A major public health concern that has reached a crisis proportion among youth is HIV (Human Immunodeficiency Virus) infection, which causes AIDS (Acquired Immunodeficiency Syndrome). HIV poses a serious threat worldwide, and it prompts biological, psychological, and social issues among children and teenagers. Children who are HIV-positive and AIDS-positive are becoming more prevalent.

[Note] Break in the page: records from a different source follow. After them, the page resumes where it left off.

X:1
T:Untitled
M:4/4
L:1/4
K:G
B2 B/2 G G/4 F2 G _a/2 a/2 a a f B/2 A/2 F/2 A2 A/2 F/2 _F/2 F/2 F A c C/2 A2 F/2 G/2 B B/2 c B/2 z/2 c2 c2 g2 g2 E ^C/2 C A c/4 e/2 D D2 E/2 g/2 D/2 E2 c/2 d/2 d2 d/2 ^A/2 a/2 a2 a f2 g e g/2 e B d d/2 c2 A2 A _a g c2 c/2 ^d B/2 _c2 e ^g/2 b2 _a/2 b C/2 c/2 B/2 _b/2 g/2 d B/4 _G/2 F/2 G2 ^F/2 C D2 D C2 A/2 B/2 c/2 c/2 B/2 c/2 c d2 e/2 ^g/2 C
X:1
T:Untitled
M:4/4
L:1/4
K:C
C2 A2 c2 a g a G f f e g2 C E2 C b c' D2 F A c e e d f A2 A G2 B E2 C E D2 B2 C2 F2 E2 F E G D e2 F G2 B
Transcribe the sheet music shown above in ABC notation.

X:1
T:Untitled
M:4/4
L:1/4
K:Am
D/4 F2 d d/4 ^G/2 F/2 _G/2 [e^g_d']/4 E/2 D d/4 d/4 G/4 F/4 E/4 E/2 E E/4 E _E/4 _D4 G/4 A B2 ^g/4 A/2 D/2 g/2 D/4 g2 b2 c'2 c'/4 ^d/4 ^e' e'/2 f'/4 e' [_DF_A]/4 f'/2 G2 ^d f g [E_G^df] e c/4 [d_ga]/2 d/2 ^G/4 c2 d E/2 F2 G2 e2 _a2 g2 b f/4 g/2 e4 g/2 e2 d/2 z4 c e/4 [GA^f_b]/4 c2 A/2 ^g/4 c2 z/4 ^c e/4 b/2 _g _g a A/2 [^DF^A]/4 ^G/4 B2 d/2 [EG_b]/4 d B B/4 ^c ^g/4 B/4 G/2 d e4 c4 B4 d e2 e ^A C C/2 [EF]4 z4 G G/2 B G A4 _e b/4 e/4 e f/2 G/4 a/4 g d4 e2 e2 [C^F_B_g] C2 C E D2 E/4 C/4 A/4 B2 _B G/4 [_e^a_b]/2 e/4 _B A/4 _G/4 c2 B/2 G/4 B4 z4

United Nations Programme on human immunodeficiency virus [HIV]/ acquired immunodeficiency syndrome [AIDS] (UNAIDS) reported about over two million children to have been infected with HIV. Due to vertical transmission, children are considered to be the source of nearly four percent of the 2.4 million HIV infections in India. Fresh HIV infections among children continue to be diagnosed even after a strong emphasis on the prevention of parent-to-child transmission leading to a notable reduction in the vertical transmission.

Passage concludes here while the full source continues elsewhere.